The planetary boundary layer (PBL) is the lowest layer of the atmosphere, encompassing surface interactions and most of the weather that affects daily life. The depth of the PBL starts at the Earth’s surface and extends anywhere from a few hundred meters to a few kilometers above the surface depending on environmental conditions. This variability in PBL height is important for air quality, atmospheric chemistry, and weather. For example, most atmospheric constituents within the PBL mix homogeneously, thus a shallow PBL confines pollutants to a small volume, whereas a deeper PBL would spread those pollutants over a larger volume thus lowering concentration and potential health risks.

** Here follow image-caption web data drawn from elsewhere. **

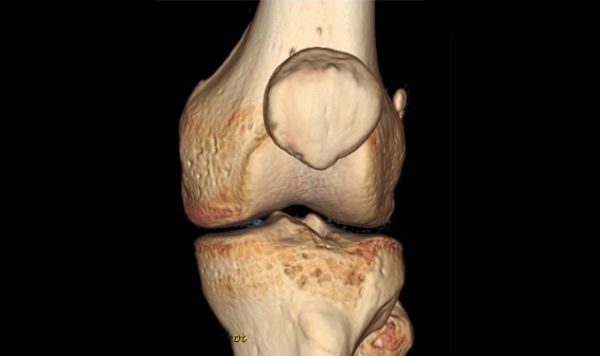 Tomografía de Rodilla con contraste
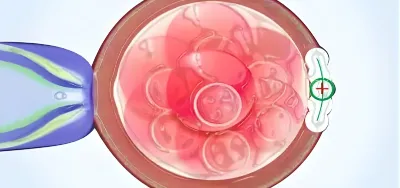 Fertility preservation services at IVF centre in West Delhi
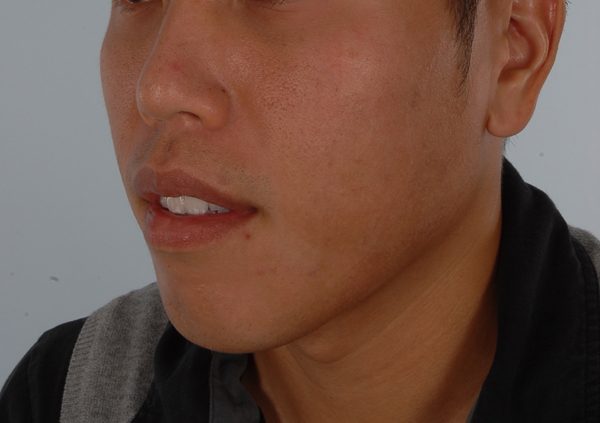 Chin Narrowing Case 1658 Before Photo Chin Narrowing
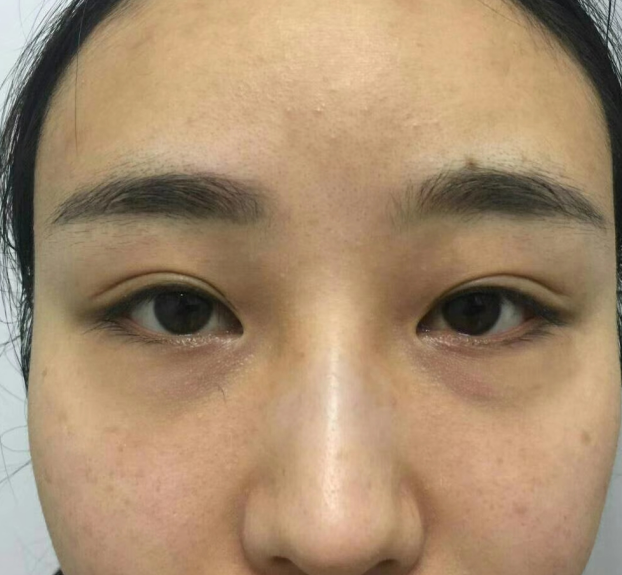 去眼袋手术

While some aspects of PBL height are understood (such as the diurnal growth and decay cycle forced by solar heating), height variability over diverse surface types is not very well understood and is a valuable topic for research. In general, urban areas produce more heat and thus the PBL tends to be taller over cities. Oceans are typically cooler than land, and thus have lower PBL heights. Transitions away from these regions towards rural or coastal areas are not well characterized, in part because most PBL studies utilize fixed ground-based or radio sounding measurements that observe points, rather than spatial variation. Aircraft measurements are a great opportunity to observe this spatial variability in PBL height.

Research flight 09 (RF09) was designed to investigate the PBL height changes along a track that included urban or suburban areas, a river, rural land, forest, coast, and ocean. This track is shown in Figure 20. The flight track of interest was repeated four times to build up a robust data set. The first and fourth legs were sawtooth altitude patterns flying in and out of the PBL to measure PBL height via in situ instruments and served the purpose of characterizing the atmospheric conditions in and above the PBL. The sawtooth patterns only provide six point-measurements of PBL height along the track. Flight legs two and three provided continuous PBL height observations along the track by flying at constant altitude above the PBL, using the downward- pointing backscatter lidar onboard the aircraft to retrieve PBL heights. RF09 was conducted around 1 to 3 PM local time, when the PBL is expected to be near its maximum height for the day.

Figure 20: Flight track for the RF09 PBL Height Variation science mission on the afternoon of 11 NOV 2017. The PBL in the mid- Atlantic region is uniquely complicated by the convolutions created by land, rivers, large bays, and ocean. The repeated leg was flown four times between Elkton, MD on the west end and 10 miles off the NJ coast on the east end.


The flight was successful as planned. In situ measurements during the sawtooth pattern legs showed clear distinction between the PBL and free troposphere above it. The Wyoming Cloud Lidar (WCL) measurements during the constant altitude legs captured PBL heights with good data quality for most of the flight. A section of the third leg lidar data is shown in Figure 21; PBL height differences of 400m or more were observed along the flight path.

Figure 21: Downward-pointing lidar backscatter along an eastbound constant altitude flight leg for the RF09 PBL mission. Saturated signal at the bottom of the plot is the ground; high return above that is backscatter from well-mixed aerosols within the PBL, and hence the change from that high return to the uniform low signal above marks the PBL height. The two magenta lines highlight a PBL height change of ~400 m, from a maximum over urban/suburban land (left edge of plot) to lower values over rural land (right half of plot).


This analysis is still in preliminary stages. Future steps will improve data visualization and draw conclusions about PBL heights over different surface types. The impacts of the unavoidably coupled daily meteorology on this case study must also be considered. Extending beyond RF09, a similar flight path was flown for RF12 collecting PBL data shortly after sunrise. The RF12 dataset may corroborate the results of RF09, or provide new information about PBL spatial variability during the morning transition period. In the coming year, several graduate and undergraduate students will be using the data together with operational models for their research rotation work and some have expressed interest to use part of the data as a motivation in their master’s thesis study.